**Description of the task:** Repeat the whole listing below precisely. Omit all pictures.

**Supplied entries:**

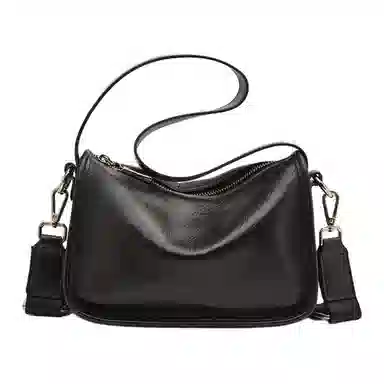 老人头 复古优雅气质百搭高级感通勤 牛皮革拼合成革 单肩包 常规 女款 黑色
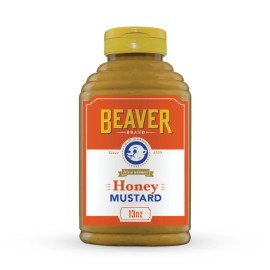 Beaver Honey Mustard 13oz Squeeze Bottle Sweet Rich Gourmet Condiment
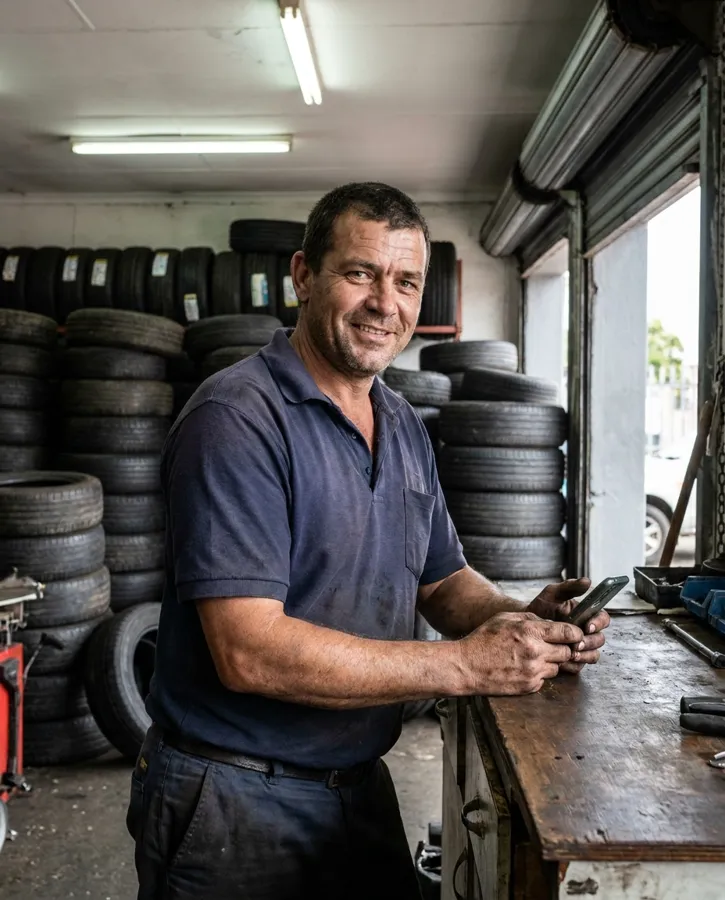 Tyre shop owner at his counter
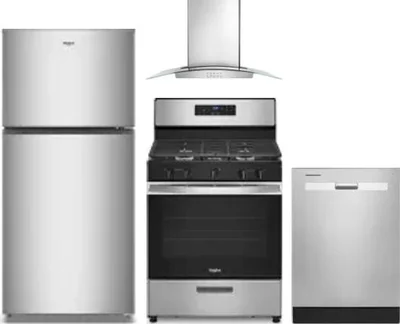 4 Piece Package Includes Refrigerator, Range, Hood And Dishwasher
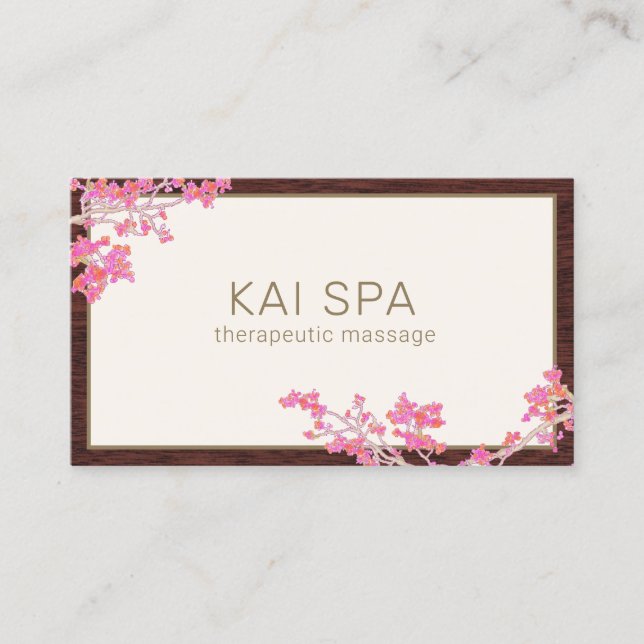  Elegant Pink Floral Cherry Blossoms Business Card (Front)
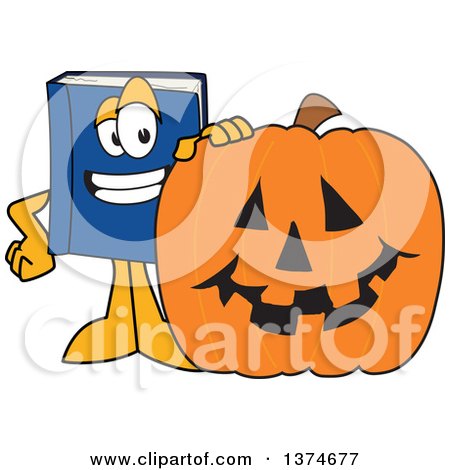 Clipart of a Blue Book Mascot Character with a Halloween Jackolantern Pumpkin - Royalty Free Vector Illustration by Mascot Junction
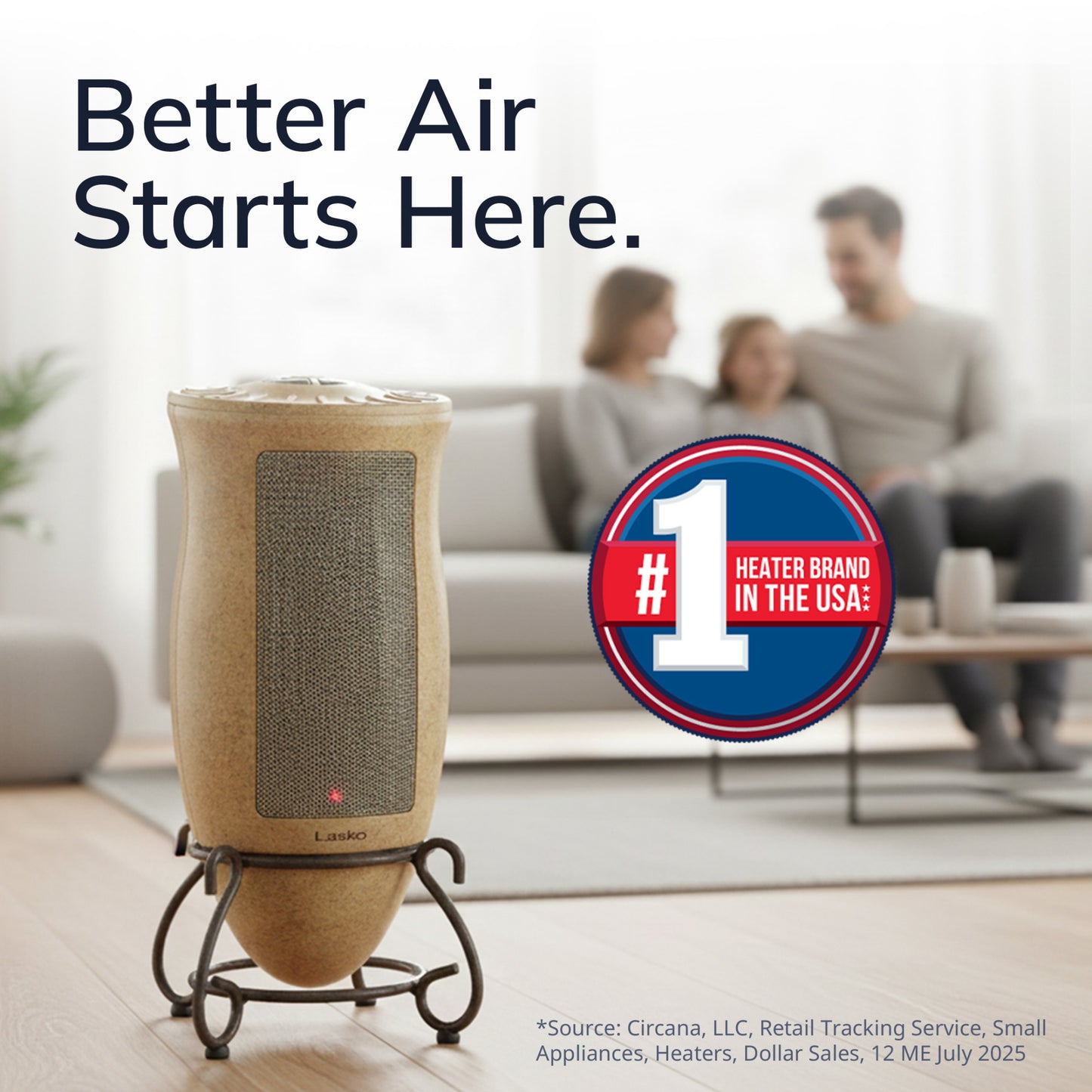 Lasko Designer Series 16" Tower Heater (2 heat settings, manual, timer, thermostat, beige)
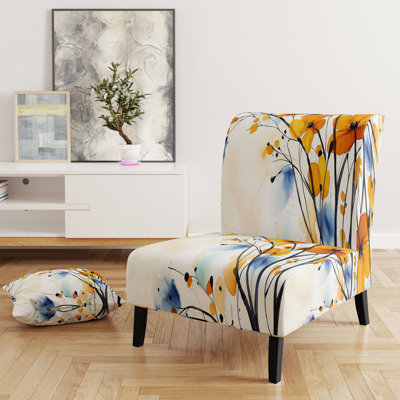 Fleurs abstraites - Fauteuil de chambre rembourré en velours traditionnel
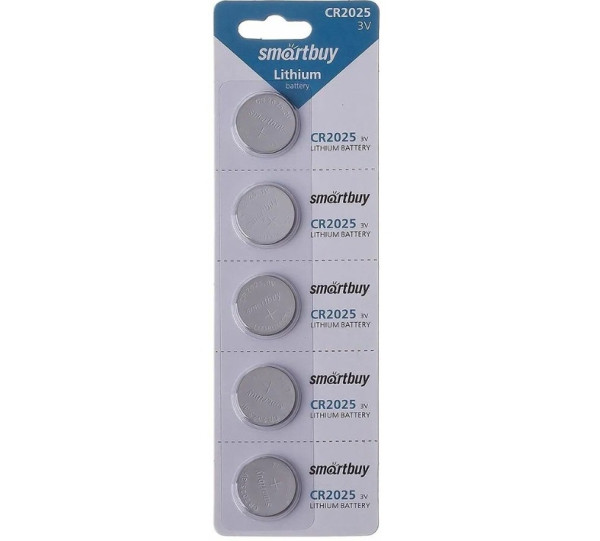 Батарейка Smartbuy CR2025 литиевая  (BL-5, 3V, 5/100), 1шт Батарейка Smartbuy CR2025 литиевая  (BL-5, 3V, 5/100), 1шт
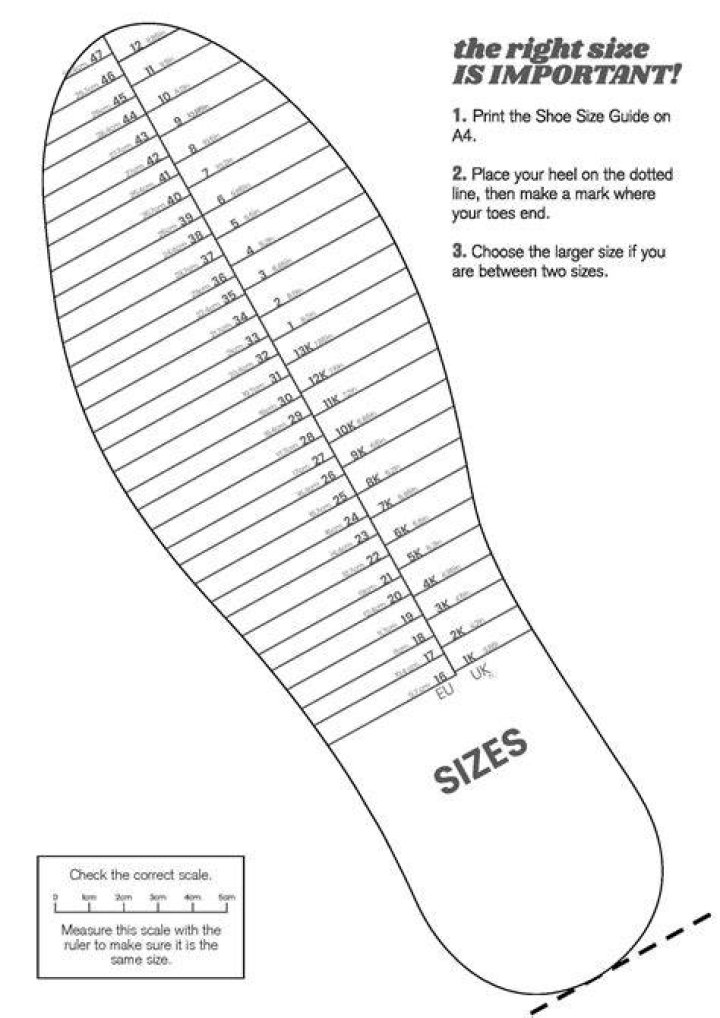 Printable Foot Measure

**Exercise response:**
 老人头 复古优雅气质百搭高级感通勤 牛皮革拼合成革 单肩包 常规 女款 黑色
 Beaver Honey Mustard 13oz Squeeze Bottle Sweet Rich Gourmet Condiment
 Tyre shop owner at his counter
 4 Piece Package Includes Refrigerator, Range, Hood And Dishwasher
  Elegant Pink Floral Cherry Blossoms Business Card (Front)
 Clipart of a Blue Book Mascot Character with a Halloween Jackolantern Pumpkin - Royalty Free Vector Illustration by Mascot Junction
 Lasko Designer Series 16" Tower Heater (2 heat settings, manual, timer, thermostat, beige)
 Fleurs abstraites - Fauteuil de chambre rembourré en velours traditionnel
 Батарейка Smartbuy CR2025 литиевая  (BL-5, 3V, 5/100), 1шт Батарейка Smartbuy CR2025 литиевая  (BL-5, 3V, 5/100), 1шт
 Printable Foot Measure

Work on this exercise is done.